A Survey on Transfer Learning

Abstract
Introduction
Overview
1. Brief history
2. Notation & Definition
3. Categorization
Inductive TL ( different TASK )
Transductive TL ( different DOMAIN )
Unsupervised TL
Transfer Bounds & Negative Transfer

0. Abstract

common assumption : TRAIN data & TEST data have “SAME feature space”

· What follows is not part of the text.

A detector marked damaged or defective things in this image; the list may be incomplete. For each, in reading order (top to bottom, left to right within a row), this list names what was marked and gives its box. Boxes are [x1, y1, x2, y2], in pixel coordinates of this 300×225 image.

\(\rightarrow\) not in the real world!
“Knowledge Transfer” is needed!
This paper focuses on….
- 1) Transfer learning for CLASSIFICATION
- 2) Transfer learning for REGRESSION
- 3) Transfer learning for CLUSTERING
Also, discuss about the relationship between..
- Domain Adaptation, Multi-task Learning, Sample Selection Bias, Covariate Shift

1. Introduction

Traditional models

when distn of data changes \(\rightarrow\) “rebuild model FROM SCRATCH”
need of Knowledge Transfer ( Transfer Learning )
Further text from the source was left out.